AMRIX is a Muscle Relaxant that works by Centrally acting muscle relaxant; it is the R-enantiomer of baclofen. Agonist at GABA-B receptors in the spinal cord, leading to inhibition of monosynaptic and polysynaptic spinal reflexes, thereby reducing muscle spasticity.. KEPIVANCE is a Growth Factor that works by Kepivance (palifermin) is a recombinant human keratinocyte growth factor (KGF) that binds to the KGF receptor, a splice variant of fibroblast growth factor receptor 2 (FGFR2b), stimulating proliferation, differentiation, and migration of epithelial cells, including those in the gastrointestinal tract.. They differ in pharmacokinetic profiles, FDA-approved indications, and side effect profiles.
Potency comparisons between AMRIX and KEPIVANCE depend on the specific clinical indication. These are agents from distinct pharmacological classes and are not directly interchangeable by dose. A physician or clinical pharmacist should guide any therapeutic switching decisions.
The standard adult dose of AMRIX is: 15 mg orally once daily. May increase to 30 mg once daily if needed, after at least 1 week. Maximum 30 mg/day.. The standard adult dose of KEPIVANCE is: 60 mcg/kg/day intravenously for 3 consecutive days before and 3 consecutive days after myelotoxic therapy.. Dosing should always be individualized based on indication, renal and hepatic function, age, and other patient factors.
No direct drug-drug interaction has been formally documented between AMRIX and KEPIVANCE in current clinical databases. However, individual patient risk factors including other medications, organ function, and comorbidities should always be evaluated by a qualified healthcare provider.
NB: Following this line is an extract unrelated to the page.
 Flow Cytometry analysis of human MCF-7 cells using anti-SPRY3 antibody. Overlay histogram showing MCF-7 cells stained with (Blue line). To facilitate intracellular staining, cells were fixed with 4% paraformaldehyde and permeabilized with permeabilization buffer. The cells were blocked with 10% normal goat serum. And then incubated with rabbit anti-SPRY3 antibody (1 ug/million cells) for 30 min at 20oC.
The maternal-fetal safety profiles differ. AMRIX is classified as Category C. Cyclobenzaprine (AMRIX) is classified as FDA Pregnancy Category B. Animal studies have not demonstrated fetal risk, but adequate well-controlled studies in pregnant women are lacki. KEPIVANCE is classified as Category C. KEPIVANCE (palifermin) is a recombinant human keratinocyte growth factor. No adequate and well-controlled studies in pregnant women. In animal reproduction studies, palifermin was . Always consult a maternal-fetal medicine specialist before taking either drug during pregnancy or lactation.